# Binomial distribution: mean and variance

A Bernoulli random variable with parameter $p$ is a random variable that takes on the values $0$ and $1$, where $1$ happens with probability $p$ and $0$ with a probability of $1-p$. If $X_1,\dots,X_n$ are $n$ independent Bernoulli random variables, we define
$$X = X_1 + \cdots + X_n.$$ The random variable $X$ is said to have a binomial distribution with parameters $n$ and $p$, or a $B(n,p)$ distribution. The probability mass function of a $B(n,p)$ random variable $X$ is
$$f(k) = P(X = k) = \sum_{k=0}^n\binom{n}{k}p^k(1-p)^{n-k}.$$

What is the expected value of the $B(n,p)$ variable $X$? Expectation is linear so we can use the definition of $X$ in terms of a sum of $n$ Bernoulli random variables
$$E(X) = E(X_1) + \cdots + E(X_n).$$ The expectation $E(X_i) = 0(1-p) + 1(p) = p$. Therefore:

Theorem.
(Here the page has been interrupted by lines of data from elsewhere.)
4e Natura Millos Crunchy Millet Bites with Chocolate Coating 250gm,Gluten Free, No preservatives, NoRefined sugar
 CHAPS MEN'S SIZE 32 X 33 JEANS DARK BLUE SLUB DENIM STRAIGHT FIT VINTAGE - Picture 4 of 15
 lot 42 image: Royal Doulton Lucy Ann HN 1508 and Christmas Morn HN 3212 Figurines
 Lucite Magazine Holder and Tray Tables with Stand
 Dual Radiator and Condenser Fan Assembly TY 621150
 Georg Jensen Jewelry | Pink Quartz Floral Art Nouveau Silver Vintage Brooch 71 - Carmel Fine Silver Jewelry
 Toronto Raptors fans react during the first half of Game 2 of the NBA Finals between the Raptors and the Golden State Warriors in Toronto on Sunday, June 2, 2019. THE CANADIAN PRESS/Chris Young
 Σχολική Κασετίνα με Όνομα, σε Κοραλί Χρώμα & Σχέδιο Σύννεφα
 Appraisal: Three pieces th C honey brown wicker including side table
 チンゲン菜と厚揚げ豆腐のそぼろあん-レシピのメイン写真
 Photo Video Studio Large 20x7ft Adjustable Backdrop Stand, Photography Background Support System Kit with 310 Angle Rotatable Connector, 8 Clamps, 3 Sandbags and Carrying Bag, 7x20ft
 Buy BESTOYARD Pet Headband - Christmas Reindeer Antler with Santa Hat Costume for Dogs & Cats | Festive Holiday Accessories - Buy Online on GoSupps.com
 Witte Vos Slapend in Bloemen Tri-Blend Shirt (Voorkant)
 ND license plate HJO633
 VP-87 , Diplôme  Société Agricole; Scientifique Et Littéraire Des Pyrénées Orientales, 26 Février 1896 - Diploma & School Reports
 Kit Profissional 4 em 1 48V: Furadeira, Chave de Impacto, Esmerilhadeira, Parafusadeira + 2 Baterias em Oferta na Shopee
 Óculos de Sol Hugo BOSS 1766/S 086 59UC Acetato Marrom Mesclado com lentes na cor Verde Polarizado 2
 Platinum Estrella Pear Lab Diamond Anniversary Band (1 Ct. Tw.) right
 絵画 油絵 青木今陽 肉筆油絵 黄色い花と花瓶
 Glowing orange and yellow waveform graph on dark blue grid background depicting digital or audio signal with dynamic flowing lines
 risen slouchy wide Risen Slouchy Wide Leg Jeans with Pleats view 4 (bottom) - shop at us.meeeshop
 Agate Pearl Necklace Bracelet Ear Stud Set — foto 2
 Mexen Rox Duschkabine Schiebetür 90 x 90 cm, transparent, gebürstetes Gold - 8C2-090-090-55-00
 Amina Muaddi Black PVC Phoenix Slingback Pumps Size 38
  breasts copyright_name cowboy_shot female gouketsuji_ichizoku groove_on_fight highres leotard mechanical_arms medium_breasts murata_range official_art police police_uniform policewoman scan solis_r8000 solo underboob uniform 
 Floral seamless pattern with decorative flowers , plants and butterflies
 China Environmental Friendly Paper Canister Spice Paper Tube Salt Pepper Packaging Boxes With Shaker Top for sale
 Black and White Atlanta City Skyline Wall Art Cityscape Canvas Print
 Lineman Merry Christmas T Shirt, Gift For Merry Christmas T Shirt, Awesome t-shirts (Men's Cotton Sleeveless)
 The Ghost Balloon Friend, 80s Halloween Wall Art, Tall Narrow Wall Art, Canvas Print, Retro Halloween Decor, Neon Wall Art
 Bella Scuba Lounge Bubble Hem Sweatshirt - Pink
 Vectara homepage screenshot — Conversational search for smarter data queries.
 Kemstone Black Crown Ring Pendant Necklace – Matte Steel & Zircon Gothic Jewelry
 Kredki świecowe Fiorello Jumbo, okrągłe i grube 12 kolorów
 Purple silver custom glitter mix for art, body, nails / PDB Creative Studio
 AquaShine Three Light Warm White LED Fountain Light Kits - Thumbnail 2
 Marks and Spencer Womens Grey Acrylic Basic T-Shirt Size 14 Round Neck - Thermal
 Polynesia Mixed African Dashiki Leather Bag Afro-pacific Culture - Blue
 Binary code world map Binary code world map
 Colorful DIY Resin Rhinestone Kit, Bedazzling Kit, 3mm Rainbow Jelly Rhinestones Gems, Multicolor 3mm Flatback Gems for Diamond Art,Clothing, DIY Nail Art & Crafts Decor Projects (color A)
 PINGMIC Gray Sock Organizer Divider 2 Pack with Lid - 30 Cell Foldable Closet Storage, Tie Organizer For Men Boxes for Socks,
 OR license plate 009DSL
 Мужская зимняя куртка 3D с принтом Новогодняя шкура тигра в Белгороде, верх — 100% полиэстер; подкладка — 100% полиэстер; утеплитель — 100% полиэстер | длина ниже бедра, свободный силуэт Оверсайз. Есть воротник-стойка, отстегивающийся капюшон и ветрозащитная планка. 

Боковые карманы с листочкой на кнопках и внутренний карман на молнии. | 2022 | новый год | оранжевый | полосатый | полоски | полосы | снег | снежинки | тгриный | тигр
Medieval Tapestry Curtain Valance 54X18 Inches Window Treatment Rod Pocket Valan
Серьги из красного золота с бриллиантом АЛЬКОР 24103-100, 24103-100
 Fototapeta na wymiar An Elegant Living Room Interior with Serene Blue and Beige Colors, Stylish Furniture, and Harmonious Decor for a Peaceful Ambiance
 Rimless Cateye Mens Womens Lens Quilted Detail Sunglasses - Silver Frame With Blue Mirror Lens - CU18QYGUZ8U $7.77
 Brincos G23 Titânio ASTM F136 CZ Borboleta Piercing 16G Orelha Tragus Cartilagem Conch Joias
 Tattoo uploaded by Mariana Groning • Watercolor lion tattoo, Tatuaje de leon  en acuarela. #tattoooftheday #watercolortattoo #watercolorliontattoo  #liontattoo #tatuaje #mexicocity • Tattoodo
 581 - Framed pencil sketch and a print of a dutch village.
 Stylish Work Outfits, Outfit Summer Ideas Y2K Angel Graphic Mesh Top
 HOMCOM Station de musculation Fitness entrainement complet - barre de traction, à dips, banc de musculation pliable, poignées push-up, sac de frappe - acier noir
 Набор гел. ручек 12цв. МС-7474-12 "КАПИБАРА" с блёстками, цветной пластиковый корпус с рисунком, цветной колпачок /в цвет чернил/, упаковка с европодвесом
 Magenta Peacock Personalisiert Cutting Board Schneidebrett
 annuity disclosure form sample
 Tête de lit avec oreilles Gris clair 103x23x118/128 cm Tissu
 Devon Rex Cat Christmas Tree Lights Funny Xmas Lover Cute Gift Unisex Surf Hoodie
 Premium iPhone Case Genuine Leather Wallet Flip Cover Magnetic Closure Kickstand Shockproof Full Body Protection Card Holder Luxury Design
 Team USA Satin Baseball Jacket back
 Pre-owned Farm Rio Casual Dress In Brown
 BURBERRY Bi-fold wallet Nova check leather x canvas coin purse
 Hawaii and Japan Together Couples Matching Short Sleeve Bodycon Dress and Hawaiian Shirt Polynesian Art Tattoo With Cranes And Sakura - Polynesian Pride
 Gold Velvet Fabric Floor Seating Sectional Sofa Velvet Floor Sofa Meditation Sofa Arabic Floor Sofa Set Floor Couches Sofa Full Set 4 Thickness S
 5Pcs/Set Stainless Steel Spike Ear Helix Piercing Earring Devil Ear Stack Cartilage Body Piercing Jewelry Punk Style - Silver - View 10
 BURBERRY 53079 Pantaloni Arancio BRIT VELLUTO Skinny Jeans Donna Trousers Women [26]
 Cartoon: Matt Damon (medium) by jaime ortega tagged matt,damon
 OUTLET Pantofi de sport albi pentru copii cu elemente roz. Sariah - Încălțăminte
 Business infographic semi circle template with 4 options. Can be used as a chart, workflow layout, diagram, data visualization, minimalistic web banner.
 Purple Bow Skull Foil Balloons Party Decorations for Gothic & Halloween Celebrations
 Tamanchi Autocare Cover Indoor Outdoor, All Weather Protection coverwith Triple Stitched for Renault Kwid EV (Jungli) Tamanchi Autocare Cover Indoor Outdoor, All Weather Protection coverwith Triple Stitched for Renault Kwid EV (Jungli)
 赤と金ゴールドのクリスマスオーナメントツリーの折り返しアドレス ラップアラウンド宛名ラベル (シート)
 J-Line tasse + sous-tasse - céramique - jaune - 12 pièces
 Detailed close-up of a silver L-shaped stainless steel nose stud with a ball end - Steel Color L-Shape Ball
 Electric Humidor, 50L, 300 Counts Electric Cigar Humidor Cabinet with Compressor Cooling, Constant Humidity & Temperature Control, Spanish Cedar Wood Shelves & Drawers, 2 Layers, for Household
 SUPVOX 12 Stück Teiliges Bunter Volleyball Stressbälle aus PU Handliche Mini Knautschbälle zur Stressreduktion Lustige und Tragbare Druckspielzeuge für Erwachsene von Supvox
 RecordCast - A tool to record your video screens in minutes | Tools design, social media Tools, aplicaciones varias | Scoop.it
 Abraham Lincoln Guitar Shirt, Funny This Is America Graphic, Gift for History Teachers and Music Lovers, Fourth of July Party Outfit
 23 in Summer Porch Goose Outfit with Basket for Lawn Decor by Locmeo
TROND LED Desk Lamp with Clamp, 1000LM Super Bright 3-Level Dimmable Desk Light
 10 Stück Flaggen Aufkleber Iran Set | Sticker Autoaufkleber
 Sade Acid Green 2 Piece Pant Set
The expected value of a binomial $B(n,p)$ random variable is $np$.

What about the variance of $X$? Recall, the variance of a random variable $X$ is defined to be:
$$E((X-E(X))^2) = E(X^2) – E(X)^2.$$ Therefore, we need to calculate $E(X^2)$, since we know from our previous calculation that $E(X)^2 = n^2p^2$. In fact, for our $B(n,p)$ random variable $X$,
$$E(X^2) = np(1-p) + n^2p^2.$$ How do we prove this? I thought it might be fun to prove it by induction on $n$, the base case $n=0$ I'll leave to the reader. By definition of expected value,
$$E(X^2) = \sum_{k=0}^n\binom{n}{k} k^2p^k(1-p)^{n-k}.$$ The obvious way to get induction into play is to use the inductive formula for the binomial coefficients
$$\binom{n}{k} = \binom{n-1}{k} + \binom{n-1}{k-1}.$$ By putting this into the definition for $E(X^2)$, we get
$$E(X^2) = (1-p)\sum_{k=0}^{n-1}\binom{n-1}{k}k^2p^k(1-p)^{n-1-k} + \sum_{k=0}^n\binom{n-1}{k-1}k^2p^k(1-p)^{n-k}.$$ The first summation term, which we will call (A), is just $(1-p)$ times the expectation of a $B(n-1,p)$ random variable, and we know this via the induction hypothesis. Therefore, (A) is
$$(1-p)[(n-1)p(1-p) + (n-1)^2p^2]$$ by the induction hypothesis. The second term (B) may be simplified by using the substitution
$$k^2 = (k-1+1)^2 = (k-1)^2 + 2(k-1) + 1.$$ Therefore, $(B)$ may be written as
\begin{align*}\sum_{k=0}^n\binom{n-1}{k-1}k^2p^k(1-p)^{n-k} &= p\sum_{k=1}^n\binom{n-1}{k-1}(k-1)^2p^{k-1}(1-p)^{n-k}\\&+2p\sum_{k=1}^n\binom{n-1}{k-1}(k-1)p^{k-1}(1-p)^{n-k}\\&+ p\sum_{k=1}^n\binom{n-1}{k-1}p^{k-1}(1-p)^{n-k}.\end{align*} Note that I have taken out a factor of $p$ from each sum to make the power of $p$ nice for simplifcation. We see now that these three terms are in order: $p$ times the expected value of the the square of a $B(n-1,p)$ which we again know by the induction hypothesis, $p$ times the expected value of a $B(n-1,p)$, and just $p$. Therefore, putting everything together (i.e. adding together (A) and (B) for $E(X^2)$), we get
\begin{align*}E(X^2) &= (n-1)p(1-p)^2 + (n-1)^2p^2(1-p) + (n-1)p^2(1-p) + 2p^2(n-1) + p\\ &= (n-1)[p^2 + p -2p^2 + 2p^2 + (n-1)p^2] + p\\ &= np – np^2 + n^2p^2\\ &= np(1-p) + n^2p^2.\end{align*} And there we have it. Obviously, I skipped a few straightforward steps in this derivation, but I encourage the reader to go through every step if they need to understand the true way of the binomial distribution. Anyway, by subtracting $E(X)^2$, we get the variance:

Theorem. The variance of a binomial $B(n,p)$ random variable is $np(1-p)$.